→ AIM OF THE EXERCISE: Copy exactly the lines from the beginning of the data down to and including the line holding "I utilize a", without any pictures.

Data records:
· · · · · · ·
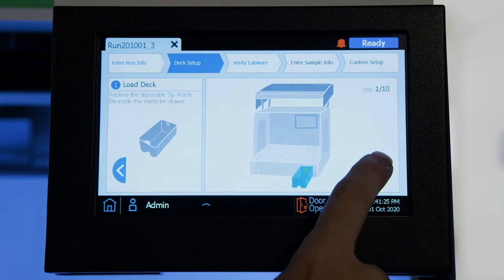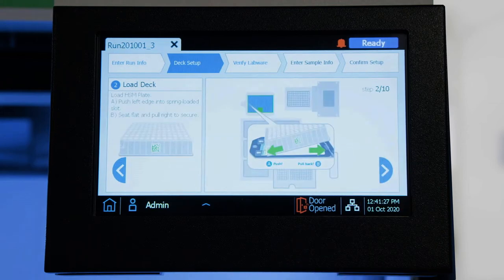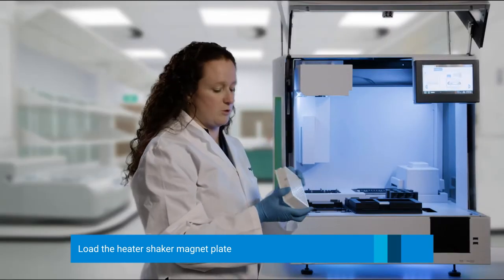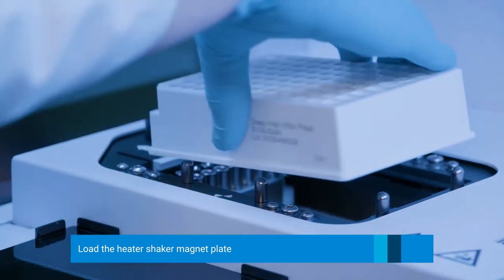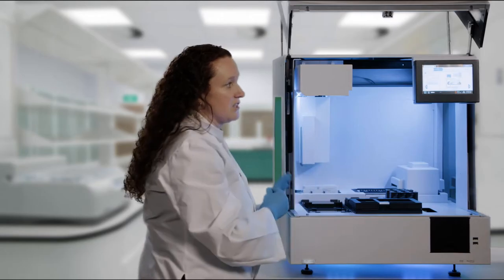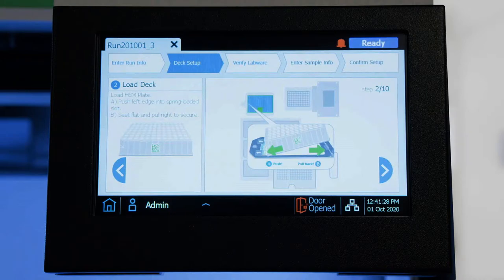We'll click Next, and now we are going to load the heater shaker magnet plate. This is also found in the consumables box. It is located in the back left corner. You are going to want to push it to the left and insert it just as the diagram shows on the touch screen.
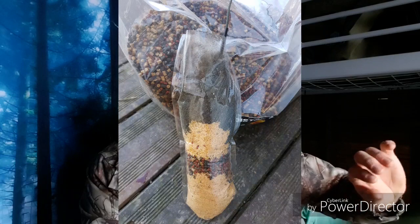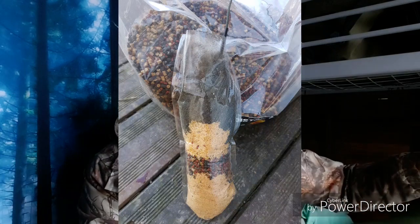I had one rod on a sweetcorn rig straight towards the island and another one on a solid PVA bag, with a fake bit of sweetcorn, chucked out to the right where some fish had been spotted — not by me, but by my dad when he'd been up here working. He noticed the fish started to move around. As I approached, I noticed a big fish spooked out of the shallow bay, which were really good signs that the weather's starting to warm up and they're just starting to move around a bit, so I was quite confident.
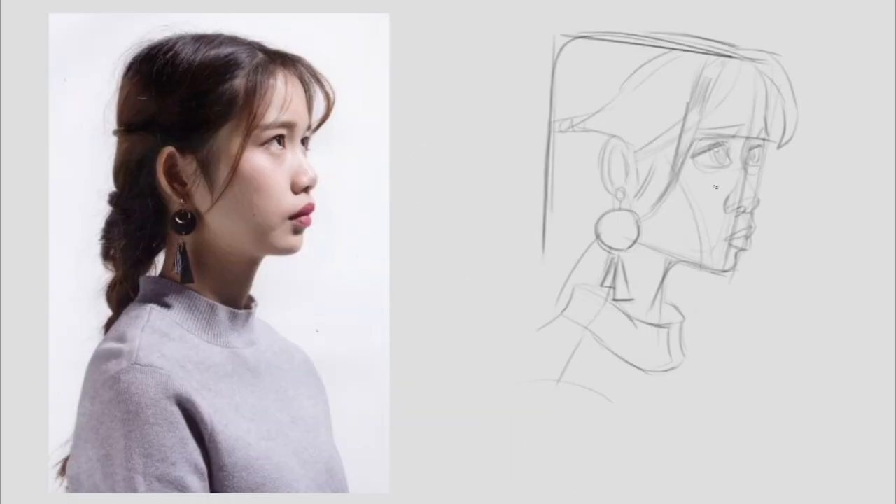I utilize a range of small, medium, and large shapes to introduce variation at every stage of the process, employing a fractal method that cascades from macro to micro levels.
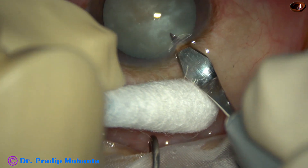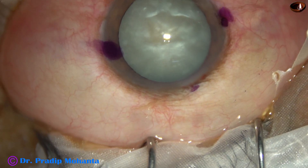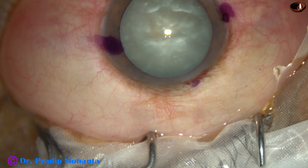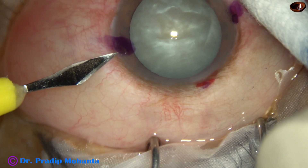This is an intumescent cataract. The main challenge in this case is capsulorhexis. Otherwise, the cataract doesn't appear hard, though it is white and mature.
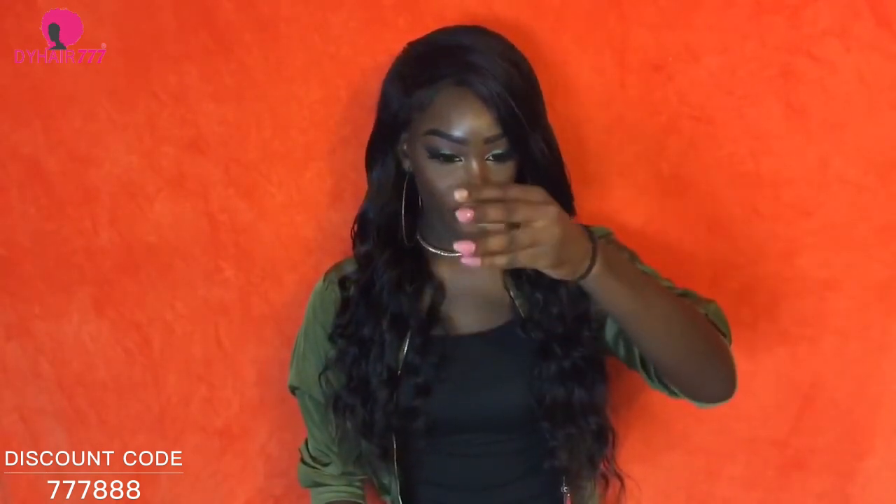I ran my fingers through and there was no shedding. I can run my fingers through right now and I got like one strand — that's it. I did bleach the knots. This is my first time bleaching knots, period. I normally just put foundation on my closures and frontals and keep it moving.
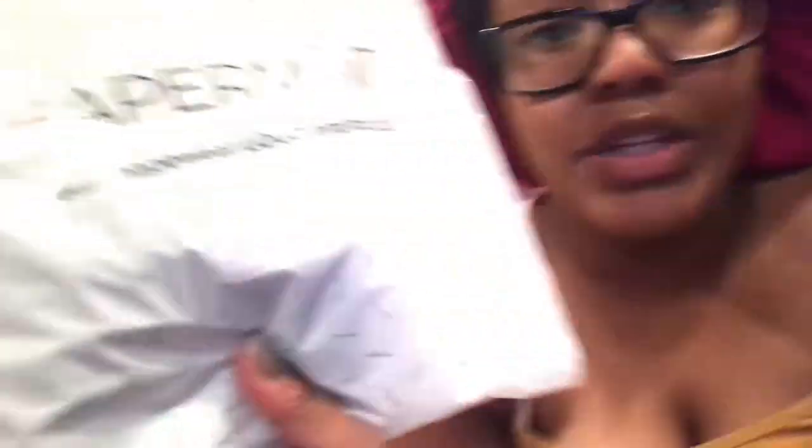I'm sure a lot of you have seen this company called Shaperman — these videos on Instagram and Facebook where a girl is pulling up her dress and you'll see rolls or unsmooth skin, and then she pulls up this shapewear and it's all gone. She puts the dress back down and it's like flawless. So I did some research, watched other YouTubers, and I had a 30% off coupon, so I decided to order one. It just came in the mail.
· · · · · · ·
→ SOLUTION TO THIS TASK:
We'll click Next, and now we are going to load the heater shaker magnet plate. This is also found in the consumables box. It is located in the back left corner. You are going to want to push it to the left and insert it just as the diagram shows on the touch screen.
I had one rod on a sweetcorn rig straight towards the island and another one on a solid PVA bag, with a fake bit of sweetcorn, chucked out to the right where some fish had been spotted — not by me, but by my dad when he'd been up here working. He noticed the fish started to move around. As I approached, I noticed a big fish spooked out of the shallow bay, which were really good signs that the weather's starting to warm up and they're just starting to move around a bit, so I was quite confident.
I utilize a range of small, medium, and large shapes to introduce variation at every stage of the process, employing a fractal method that cascades from macro to micro levels.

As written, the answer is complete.